Structural review of a Learning and Development function

The Client:

A large NSW State Department.

The Project:

We were commissioned to conduct a structural review of the Learning and Development (L&D) function within a large NSW State Department. The Review followed a recent major restructure of that included consolidation of agencies and realignment of Department districts.

The objectives of this Review were to:

1. Examine and understand the L&D function and structure;

2. Examine the delivery of the L&D function with reference to:

  • Aligning L&D services with the needs of the Department Districts;

  • Meeting the training needs of all stakeholders in the most efficient way possible;

  • Examining options for delivery of learning services, including eLearning and other models; and

  • Ensuring consistency in the quality of the training delivered.
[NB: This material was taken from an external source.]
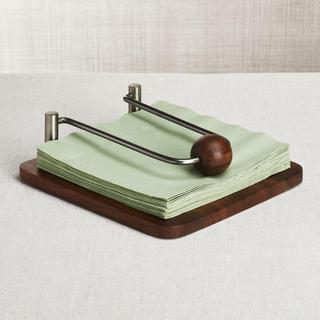 Boyd Acacia Wood Napkin Holder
3. Identify areas for improvement in the delivery of services;

4. Develop a suite of recommendations for implementation; and

Recommend options to meet the service delivery requirements.

The Approach:

In order to understand the L&D function and structure across the Department; we adopted a participatory approach which involved extensive consultation with staff and stakeholders through in person interviews. This allowed us to research the delivery of the L&D function with particular reference to:

  • Aligning services with the needs of Department Districts;

  • Meeting the training needs of all Department staff in the most efficient way possible;

  • Ensuring consistency in the quality of the training delivered; and

  • Understanding the impact of a planned integration of BusinessLink into the Department’s Corporate Services.

The Review involved extensive stakeholder consultation. In total:

  • 42 FACS staff participated in focus groups and interviews; and

  • 18 stakeholders participated in interviews.

 The Outcome:

Following the consultation program, we presented a summary of findings to staff and worked with staff in a co-design workshop to generate solutions to the issues raised in the Review, which led to:

  • A suite of recommendations relating to governance, structure, roles, processes and services; and

  • Options for the operating model and structure of the L&D function.

Subsequent to the Review, we were commissioned to support the Department with an assessment of the barriers to be managed to transition to the new model.  This report outlined the key next steps required to bridge resourcing gaps and to best meet the current and future L&D needs of the Department as a whole throughout the change.

  • Identify specific L&D requirements across the Department;

  • Establish the resourcing, workload and work distribution of L&D; and

  • Measure current resourcing against the identified L&D need, identifying areas of misalignment, duplication or resourcing gaps.

We presented the key findings from the Gap Analysis to L&D staff at a quarterly staff forum. As part of this forum, we facilitated an activity in which staff were asked to form working groups to address key areas of development need, as identified in the Analysis. Following the success of this activity in the forum, these working groups were formally established to continue implementing the recommendations of the Analysis and the L&D Review.